Genovesi è tornato di grande attualità perché ci ricorda alcune verità che è bene tenere a mente: che l’economia nasce in Italia, e non altrove; che essa ha come fine ultimo la felicità e non solo il benessere (materiale); che le imprese hanno un’anima e non solo freddi interessi; che il profitto è essenziale ma non esaurisce il fine ultimo del perché si fa impresa; che la cooperazione ha valore quanto la competizione; che l’economia sganciata da una solida base etica finisce per divorare se stessa e travolgere le società che ha contribuito a rendere ricche.

Come è nata l'idea di costituire una scuola all'insegna dell'economia civile?

Ci siamo fatti ispirare da Leonardo, uomo d’ingegno ma anche artigiano e imprenditore, che così si esprimeva: “Chi s’innamora di pratica senza scientia è come ‘l nocchiere che entra in naviglio senza timone o bussola, che mai ha certezza dove si vada”. Ci è parso il momento giusto per creare un luogo fisico, dove non soltanto si diffonde la conoscenza, ma soprattutto la si produce.

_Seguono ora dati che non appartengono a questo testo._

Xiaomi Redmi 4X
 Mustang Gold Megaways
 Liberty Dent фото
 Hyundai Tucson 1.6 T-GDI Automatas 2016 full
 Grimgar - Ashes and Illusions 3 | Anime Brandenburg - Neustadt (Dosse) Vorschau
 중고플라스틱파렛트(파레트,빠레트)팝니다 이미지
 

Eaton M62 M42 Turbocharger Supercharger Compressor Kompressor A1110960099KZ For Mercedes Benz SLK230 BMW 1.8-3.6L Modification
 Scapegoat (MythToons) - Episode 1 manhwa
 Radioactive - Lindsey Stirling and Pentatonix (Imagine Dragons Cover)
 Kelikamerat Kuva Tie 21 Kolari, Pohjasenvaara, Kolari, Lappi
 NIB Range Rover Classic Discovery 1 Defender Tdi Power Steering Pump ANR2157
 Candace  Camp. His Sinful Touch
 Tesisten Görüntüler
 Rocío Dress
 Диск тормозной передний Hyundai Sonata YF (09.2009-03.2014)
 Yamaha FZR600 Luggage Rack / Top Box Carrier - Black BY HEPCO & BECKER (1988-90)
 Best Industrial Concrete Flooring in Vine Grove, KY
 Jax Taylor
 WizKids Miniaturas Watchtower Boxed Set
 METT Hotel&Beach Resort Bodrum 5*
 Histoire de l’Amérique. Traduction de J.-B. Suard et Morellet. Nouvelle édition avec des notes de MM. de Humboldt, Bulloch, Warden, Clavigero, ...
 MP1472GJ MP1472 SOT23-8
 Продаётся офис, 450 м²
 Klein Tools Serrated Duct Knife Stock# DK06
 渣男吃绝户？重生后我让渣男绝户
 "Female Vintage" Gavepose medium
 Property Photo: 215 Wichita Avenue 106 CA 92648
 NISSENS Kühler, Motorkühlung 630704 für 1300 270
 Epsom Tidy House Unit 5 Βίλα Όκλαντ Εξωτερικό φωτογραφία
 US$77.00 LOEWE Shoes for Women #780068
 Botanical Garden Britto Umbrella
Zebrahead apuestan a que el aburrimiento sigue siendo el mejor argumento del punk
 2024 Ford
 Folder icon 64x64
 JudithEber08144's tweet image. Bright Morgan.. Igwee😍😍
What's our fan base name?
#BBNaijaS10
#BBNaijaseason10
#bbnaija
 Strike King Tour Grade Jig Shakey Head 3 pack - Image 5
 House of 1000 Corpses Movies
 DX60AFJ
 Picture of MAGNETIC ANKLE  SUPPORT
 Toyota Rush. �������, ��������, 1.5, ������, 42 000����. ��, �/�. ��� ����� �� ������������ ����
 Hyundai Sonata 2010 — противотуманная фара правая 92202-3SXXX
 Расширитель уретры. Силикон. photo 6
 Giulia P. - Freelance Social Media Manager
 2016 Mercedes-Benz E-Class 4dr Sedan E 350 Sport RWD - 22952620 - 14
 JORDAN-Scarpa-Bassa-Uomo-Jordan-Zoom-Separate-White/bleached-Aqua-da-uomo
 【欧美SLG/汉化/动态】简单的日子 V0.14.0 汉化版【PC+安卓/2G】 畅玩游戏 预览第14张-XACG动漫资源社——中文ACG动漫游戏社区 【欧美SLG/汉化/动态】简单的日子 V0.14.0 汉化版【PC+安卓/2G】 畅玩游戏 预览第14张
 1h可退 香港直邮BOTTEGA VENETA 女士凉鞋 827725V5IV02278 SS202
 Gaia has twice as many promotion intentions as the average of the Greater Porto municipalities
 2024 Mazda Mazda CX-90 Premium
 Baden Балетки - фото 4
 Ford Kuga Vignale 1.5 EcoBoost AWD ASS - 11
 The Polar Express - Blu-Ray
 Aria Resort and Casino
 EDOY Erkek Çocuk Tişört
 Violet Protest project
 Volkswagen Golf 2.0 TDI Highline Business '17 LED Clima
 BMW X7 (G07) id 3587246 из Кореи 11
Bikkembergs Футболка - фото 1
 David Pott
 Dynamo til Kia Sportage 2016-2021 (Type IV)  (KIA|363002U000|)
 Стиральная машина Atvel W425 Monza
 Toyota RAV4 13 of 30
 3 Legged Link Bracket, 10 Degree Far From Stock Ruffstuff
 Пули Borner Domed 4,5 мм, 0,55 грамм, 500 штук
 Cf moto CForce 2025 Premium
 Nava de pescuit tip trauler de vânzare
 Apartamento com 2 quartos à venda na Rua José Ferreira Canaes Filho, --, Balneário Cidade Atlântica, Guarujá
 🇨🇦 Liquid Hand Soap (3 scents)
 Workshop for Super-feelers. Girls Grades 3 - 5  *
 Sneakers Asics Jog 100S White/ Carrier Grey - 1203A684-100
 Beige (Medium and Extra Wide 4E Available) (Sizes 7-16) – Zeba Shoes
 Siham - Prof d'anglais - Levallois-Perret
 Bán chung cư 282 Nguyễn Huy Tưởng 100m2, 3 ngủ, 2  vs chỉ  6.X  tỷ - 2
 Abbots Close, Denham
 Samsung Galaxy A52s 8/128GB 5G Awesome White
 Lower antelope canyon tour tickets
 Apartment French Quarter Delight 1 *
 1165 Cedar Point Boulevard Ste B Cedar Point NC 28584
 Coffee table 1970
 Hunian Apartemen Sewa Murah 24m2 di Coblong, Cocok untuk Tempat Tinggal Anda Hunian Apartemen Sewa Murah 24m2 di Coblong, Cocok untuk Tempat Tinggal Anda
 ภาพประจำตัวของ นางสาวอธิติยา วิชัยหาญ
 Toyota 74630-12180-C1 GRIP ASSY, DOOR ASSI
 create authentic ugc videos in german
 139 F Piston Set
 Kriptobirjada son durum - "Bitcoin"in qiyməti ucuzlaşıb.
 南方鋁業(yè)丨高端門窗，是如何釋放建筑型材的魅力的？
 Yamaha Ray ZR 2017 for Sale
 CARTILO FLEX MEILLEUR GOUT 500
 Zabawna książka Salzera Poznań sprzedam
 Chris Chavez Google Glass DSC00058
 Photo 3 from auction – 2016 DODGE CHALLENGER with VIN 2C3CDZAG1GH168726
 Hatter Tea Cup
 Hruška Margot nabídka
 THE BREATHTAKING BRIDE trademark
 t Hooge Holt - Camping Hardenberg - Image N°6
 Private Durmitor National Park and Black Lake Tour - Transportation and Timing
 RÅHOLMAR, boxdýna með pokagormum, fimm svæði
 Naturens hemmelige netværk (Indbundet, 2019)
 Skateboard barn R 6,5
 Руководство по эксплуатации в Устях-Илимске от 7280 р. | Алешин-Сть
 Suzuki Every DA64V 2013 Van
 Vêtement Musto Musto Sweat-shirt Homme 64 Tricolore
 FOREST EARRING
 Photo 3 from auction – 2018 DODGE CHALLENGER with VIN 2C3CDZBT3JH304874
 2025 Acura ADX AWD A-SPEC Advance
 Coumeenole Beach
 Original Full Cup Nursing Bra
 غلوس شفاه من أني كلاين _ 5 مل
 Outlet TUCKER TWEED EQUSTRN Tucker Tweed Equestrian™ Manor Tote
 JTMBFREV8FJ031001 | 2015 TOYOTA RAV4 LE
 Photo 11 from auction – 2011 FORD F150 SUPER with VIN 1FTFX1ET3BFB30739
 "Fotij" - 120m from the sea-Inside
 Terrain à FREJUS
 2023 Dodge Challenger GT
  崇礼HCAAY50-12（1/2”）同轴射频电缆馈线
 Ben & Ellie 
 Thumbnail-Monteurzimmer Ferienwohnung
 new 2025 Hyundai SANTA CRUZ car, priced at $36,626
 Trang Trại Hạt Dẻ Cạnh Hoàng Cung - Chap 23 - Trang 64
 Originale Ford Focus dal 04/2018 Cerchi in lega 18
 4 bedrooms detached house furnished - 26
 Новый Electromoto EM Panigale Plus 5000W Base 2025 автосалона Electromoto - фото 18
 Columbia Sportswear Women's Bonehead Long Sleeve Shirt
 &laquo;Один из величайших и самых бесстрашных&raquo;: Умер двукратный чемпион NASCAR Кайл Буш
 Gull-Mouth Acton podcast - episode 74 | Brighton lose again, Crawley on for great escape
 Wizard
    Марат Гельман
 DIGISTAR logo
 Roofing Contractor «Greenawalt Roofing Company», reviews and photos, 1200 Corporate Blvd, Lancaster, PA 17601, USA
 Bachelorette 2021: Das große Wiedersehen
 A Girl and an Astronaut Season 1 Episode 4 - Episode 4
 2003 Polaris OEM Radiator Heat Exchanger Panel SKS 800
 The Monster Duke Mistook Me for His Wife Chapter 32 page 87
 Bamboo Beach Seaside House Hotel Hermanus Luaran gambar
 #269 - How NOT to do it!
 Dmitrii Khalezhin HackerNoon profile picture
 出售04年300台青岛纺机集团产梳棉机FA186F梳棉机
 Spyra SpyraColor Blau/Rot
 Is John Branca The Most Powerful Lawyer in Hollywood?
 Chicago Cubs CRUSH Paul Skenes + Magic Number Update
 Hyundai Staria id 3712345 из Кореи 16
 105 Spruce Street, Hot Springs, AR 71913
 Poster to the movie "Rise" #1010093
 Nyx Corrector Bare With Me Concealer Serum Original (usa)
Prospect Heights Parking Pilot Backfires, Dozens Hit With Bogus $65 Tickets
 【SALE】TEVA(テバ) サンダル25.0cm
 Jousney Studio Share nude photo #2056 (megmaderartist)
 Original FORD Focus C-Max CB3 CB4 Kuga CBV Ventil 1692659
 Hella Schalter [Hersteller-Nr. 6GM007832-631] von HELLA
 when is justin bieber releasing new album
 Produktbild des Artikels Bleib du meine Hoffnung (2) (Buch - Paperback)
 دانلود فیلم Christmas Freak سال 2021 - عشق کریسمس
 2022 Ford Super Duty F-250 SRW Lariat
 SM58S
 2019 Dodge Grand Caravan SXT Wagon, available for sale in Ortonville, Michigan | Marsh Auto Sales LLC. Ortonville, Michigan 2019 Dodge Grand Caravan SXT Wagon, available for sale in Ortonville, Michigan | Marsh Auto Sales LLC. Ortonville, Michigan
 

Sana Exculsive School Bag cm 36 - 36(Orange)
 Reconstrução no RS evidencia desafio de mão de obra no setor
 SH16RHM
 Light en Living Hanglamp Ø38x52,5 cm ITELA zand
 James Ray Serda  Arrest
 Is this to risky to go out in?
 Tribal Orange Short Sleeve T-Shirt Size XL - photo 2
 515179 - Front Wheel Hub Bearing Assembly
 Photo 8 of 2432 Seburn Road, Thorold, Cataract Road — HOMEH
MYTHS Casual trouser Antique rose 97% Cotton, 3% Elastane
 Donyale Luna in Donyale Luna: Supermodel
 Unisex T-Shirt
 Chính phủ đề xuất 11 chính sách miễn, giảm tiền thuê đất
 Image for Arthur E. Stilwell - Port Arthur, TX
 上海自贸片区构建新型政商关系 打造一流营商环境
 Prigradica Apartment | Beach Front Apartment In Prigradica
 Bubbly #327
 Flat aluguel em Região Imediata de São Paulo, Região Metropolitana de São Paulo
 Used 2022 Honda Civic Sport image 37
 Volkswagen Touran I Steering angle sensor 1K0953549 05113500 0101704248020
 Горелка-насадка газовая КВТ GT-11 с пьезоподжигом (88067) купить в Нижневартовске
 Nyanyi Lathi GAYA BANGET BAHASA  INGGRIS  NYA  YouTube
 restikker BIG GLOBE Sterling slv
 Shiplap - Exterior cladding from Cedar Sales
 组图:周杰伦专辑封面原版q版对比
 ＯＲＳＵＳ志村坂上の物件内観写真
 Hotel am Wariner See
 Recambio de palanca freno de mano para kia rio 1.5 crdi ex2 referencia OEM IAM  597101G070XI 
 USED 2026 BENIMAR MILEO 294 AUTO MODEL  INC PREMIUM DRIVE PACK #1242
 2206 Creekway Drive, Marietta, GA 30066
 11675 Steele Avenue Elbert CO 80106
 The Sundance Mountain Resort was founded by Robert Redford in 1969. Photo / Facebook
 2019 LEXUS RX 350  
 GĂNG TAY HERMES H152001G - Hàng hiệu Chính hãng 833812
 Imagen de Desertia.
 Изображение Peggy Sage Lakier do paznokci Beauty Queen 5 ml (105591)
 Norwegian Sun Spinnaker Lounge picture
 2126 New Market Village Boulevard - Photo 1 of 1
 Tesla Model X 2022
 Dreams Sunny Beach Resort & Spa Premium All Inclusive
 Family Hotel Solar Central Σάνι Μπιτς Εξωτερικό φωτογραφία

E producendola, insieme ai contributi della comunità dei docenti e di tanti imprenditori e manager civili con cui quotidianamente ci confrontiamo, ci si sforza di integrare e di contaminare il turbocapitalismo finanziario: un modo di fare business oggettivamente insostenibile, da più punti di vista: umano, ambientale e, sembra un paradosso, anche economico!

L’economia civile non è la scoperta dell’acqua calda, è uno sguardo diverso, meno ideologico e più completo, sull’economia e sulla società: essa affonda le sue radici nell’Umanesimo civile, si sviluppa nell’Illuminismo, si scontra con il paradigma dell’economia politica (quello di Smith, per capirci), uscendone sconfitto, e infine, al pari di un fiume carsico, riemerge in superficie sull’onda delle crisi e delle bolle, che sempre più frequentemente e velocemente, dal 1970 in avanti, devastano la funzione civilizzatrice che i mercati hanno sempre svolto nel corso della storia. L’economia civile è uno spazio economico nel quale trovano posto tutte quelle forme d’impresa nelle quali l’elemento della relazionalità è il tratto caratteristico del loro modus agendi.

Di fronte a una crisi che non passa (siamo al settimo anno!), non basta aggiustare qualche arnese vecchio per trarsi definitivamente fuori da essa. Secondo gli economisti civili di oggi, serve una svolta antropologica! Solo una visione dell’uomo diversa è in grado di generare una teoria economica adatta ai tempi. Non possiamo più dare credito a chi ci racconta che l’uomo è, per natura, opportunista e calcolatore. Anche i risultati dell’economia comportamentista ci dicono che solo una parte, e minoritaria, degli esseri umani ad ogni latitudine si comporta come farebbe l’homo oeconomicus, massimizzando la sua funzione d’utilità. Per il premio Nobel Amartya Sen questo essere iper-razionale è più simile a un idiota sociale che ad una persona.

Dopo la nascita in Toscana, avete scelto Trento, come nuovo polo. Perché?

Il Trentino è un territorio particolarmente fertile per i temi che l’economia civile promuove. Si tratta infatti di un territorio di piccole dimensioni (il 2% della superficie italiana), caratterizzato da una fortissima presenza di imprese cooperative e sociali, in tutti i settori dell’economia locale. Una presenza storica, che ha più di un secolo di vita. Le cooperative sono l’ultimo frutto dell’albero dell’economia civile: imprese che hanno molte delle caratteristiche delle “imprese civili”: profittevoli, democratiche, e attente ai bisogni della comunità e dell’ambiente.